Eu tenho, quanto à TAP, uma divergência com o Governo de Costa, mas não posso aceitar uma consideração de que a TAP, depois de ter dado lucro em dois anos consecutivos, foi um fracasso para PNS.
Em primeiro lugar, houve que recuperar os comboios que o Governo PSD/CDS encostou e foram dezenas. Depois, houve que elaborar o Plano Ferroviário e lançar concursos. Por fim, avançaram os procedimentos para a compra das composições e, muito relevante, exigiu-se que o fabricante instalasse uma fábrica em Portugal.
Por último, Reis segue na conversa de outros escrivas de pacotilha que nos querem fazer entrar pela goela, como geleia, a traficância que foi a privatização dos CTT.
Escreve, com pompa, que o Estado recebeu “€900 milhões por uma empresa que hoje vale cerca de metade disso.” O que não diz é que a empresa não era só o negócio postal, era património valiosíssimo que foi alienado ao desbarato pelos acionistas; que a empresa foi vendida com uma licença para a criação de uma instituição financeira que antes não comportava e que só esse facto poderá valer um terço dos mesmos €900 milhões; também não diz que o valor da empresa, hoje, não é só o resultado da redução do mercado postal tradicional, mas é, e muito consideravelmente, o resultado de uma gestão que desnatou, a cada ano, o grupo.
Há trinta anos, os CTT lançaram o correio azul que foi uma referência para centenas de empresas de todos os continentes e foram vanguarda no negócio de finishing; há duas décadas, a empresa iniciou a sua progressiva transformação para assentar o seu principal negócio no mercado digital, alargando a sua atividade a Espanha com a compra a Tourline.
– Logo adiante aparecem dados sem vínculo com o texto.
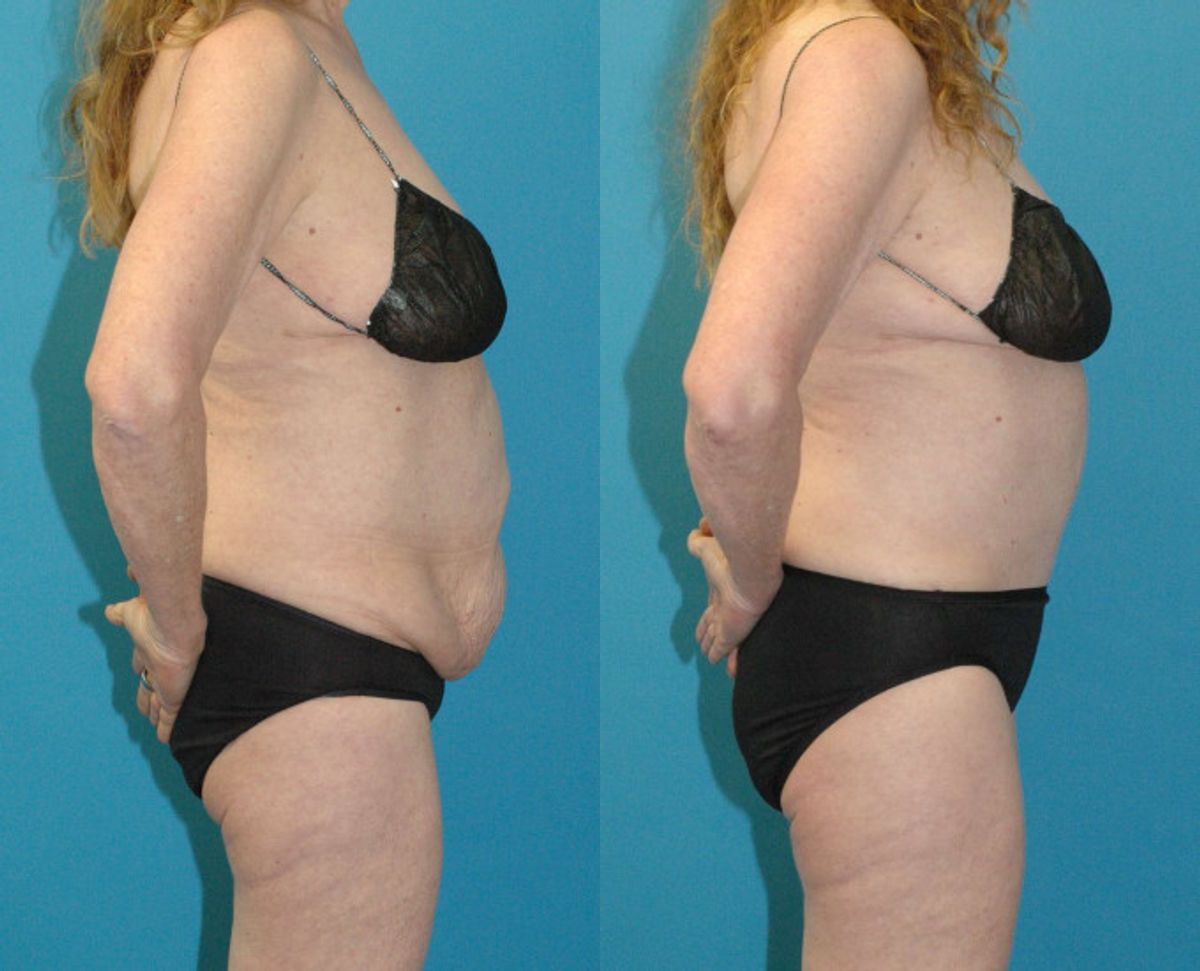 Tummy Tuck #56 - Before and After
A primeira machadada dada nestas opções estratégicas foi com a gestão de Carlos Horta e Costa, secretário-geral do PSD nos anos de 1997 e 1998 e presidente dos CTT entre 2002 e 2005. Importa lembrar a venda do edifício dos Correios em Coimbra e os negócios ruinosos com o BPN; a segunda machadada foi dada com a gestão de Francisco Lacerda, tempo em que tudo foi desbaratado com o único objetivo de se promover uma privatização que impedisse qualquer capacidade negocial posterior ao Estado.
Ricardo Reis, o heterónimo, olharia para o seu homónimo full com pouca consideração. Afinal, o conservador e monárquico do Norte nunca teve, na sua vida de ficção, qualquer apreço por quem não tinha respeito pela verdade.